Pangolin - Plated Body Armor
The scaly-plated pangolin looks more like a reptile than a mammal. Easily recognized by its hard protective body armor, it has a long tail for climbing and a pointed snout for sticking its nose in termite nests. Powerful curved claws allow it to rip apart anthills and open dirt mounds to gorge on insects with its long, sticky tongue protruding out.
With a keen sense of smell, pangolins feed mostly on termites, ants and their eggs, eating hundreds of thousands of ants for just one meal. Hard scales, tiny ears and thick skin help it to ward off ant bites as it demolishes an entire nest.
Found in tropical Africa and Asia, some species dig underground burrows while others live in hollow trees. They forage mostly at night and rest during the day. Pangolins climb with strong, gripping forelimbs and a tail that curls over outstretched branches for support in search of swarms of leaf nesting weaver ants. If approached by a predator, the pangolin rolls into a tight, impenetrable ball with its tail and legs covering its head for complete protection.

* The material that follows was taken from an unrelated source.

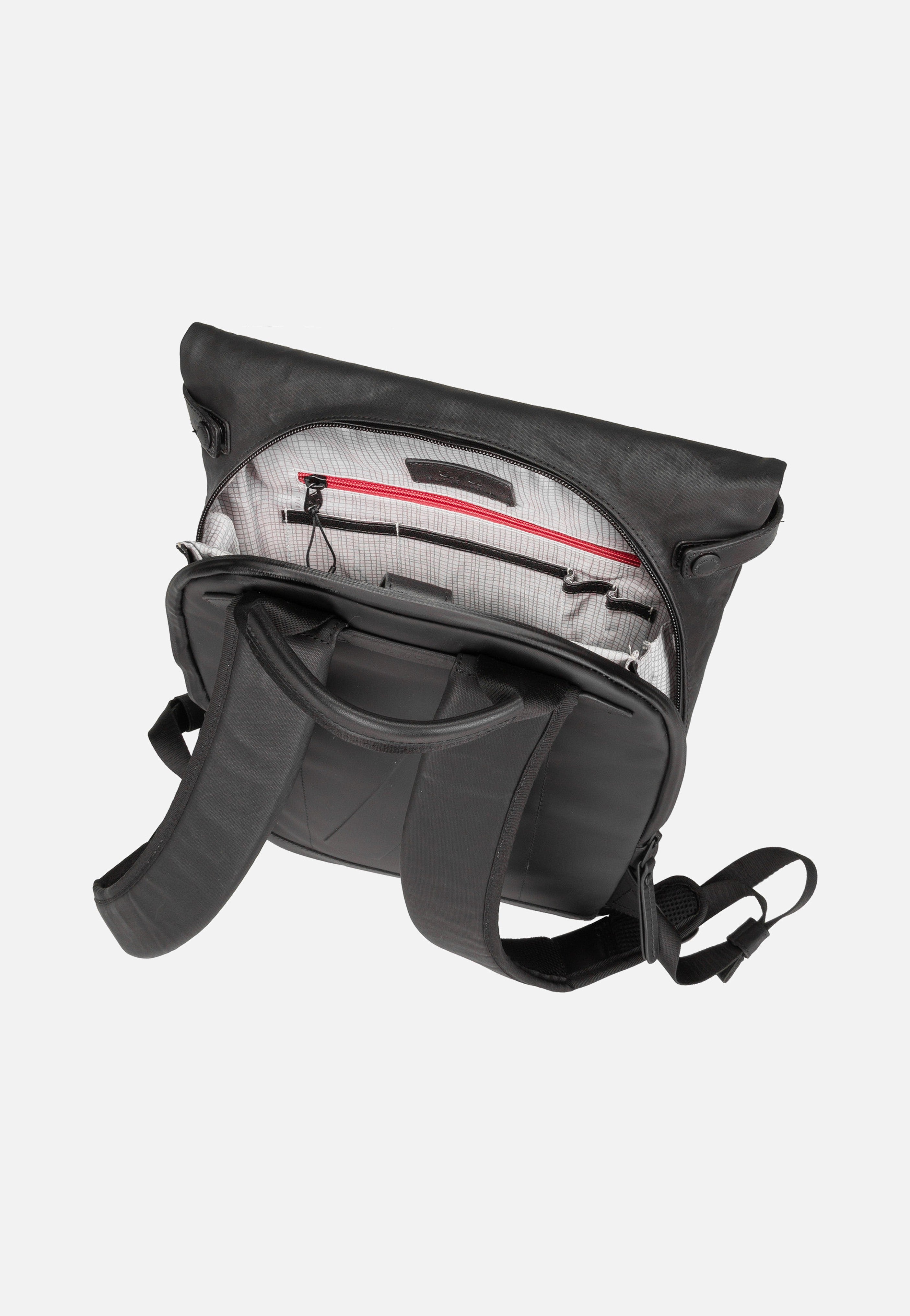 aunts & uncles - Wakayama Black - Rolltop Backpack | Neutral-Image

Pangolins are hunted for their meat, considered a delicacy, in both Africa and Asia. And traditional medicine users believe their scales help reduce swelling and improve blood circulation. These beliefs lead to the illegal poaching of pangolins to supply the Chinese demand for special soups and scales. Tons of animals and frozen carcasses are smuggled across Asia each year, thus rapidly depleting the wild stocks of this endangered species that may be living on the edge of extinction.
It is difficult to really know how many pangolins are left in the wild. Every year more and more end up in cooking pots, despite the efforts of wildlife officials to stop the illegal trade.